Reproduced exactly, the lines from the start of the material through the line containing "Okay, so I know" should be the whole answer, with pictures excluded.

§ **DATA**
--

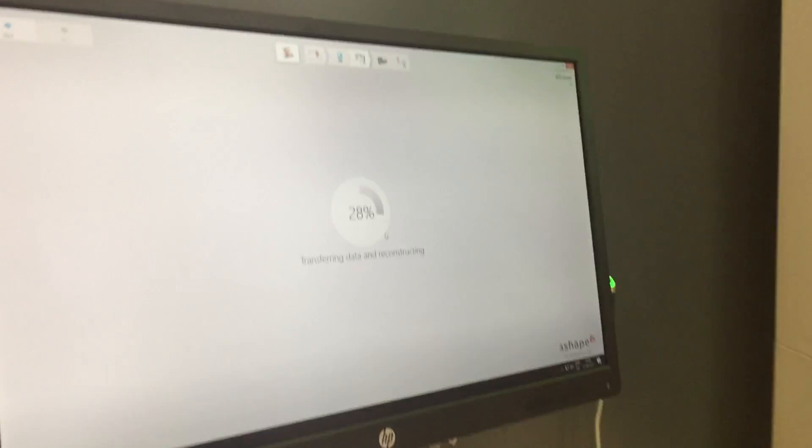So now it's just transferring the data. And afterwards we can practice. So that will take a while.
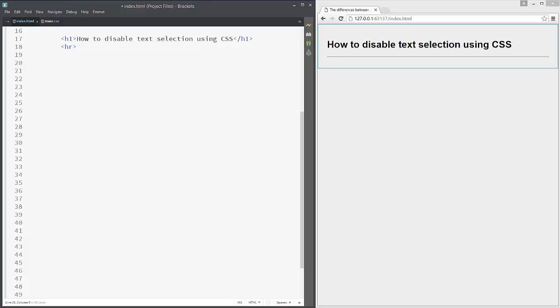Hi, this is how to disable text selection using CSS. It's pretty simple, but pay attention.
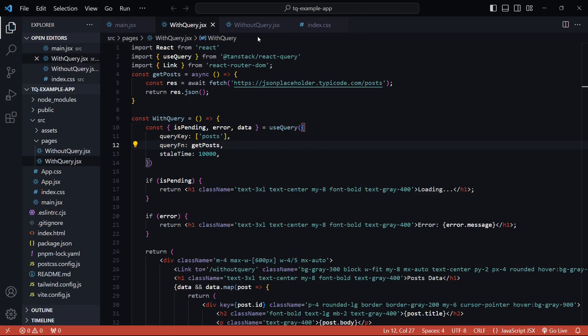Okay, so I know we already looked at the query key and the query function at the beginning of this series, but it has got some extra features that we definitely need to take a look at.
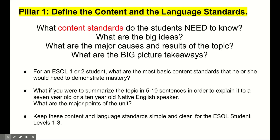For an ESOL level 1 or 2 student, we want to focus on the most basic content standards that he or she will need to demonstrate mastery. Imagine if you were to take the topic and summarize it in 5 to 10 sentences in order to explain it to a friend or a 7 or 10-year-old native English speaker — those would be the major points of the unit.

--

§ **SOLUTION**
So now it's just transferring the data. And afterwards we can practice. So that will take a while.
Hi, this is how to disable text selection using CSS. It's pretty simple, but pay attention.
Okay, so I know we already looked at the query key and the query function at the beginning of this series, but it has got some extra features that we definitely need to take a look at.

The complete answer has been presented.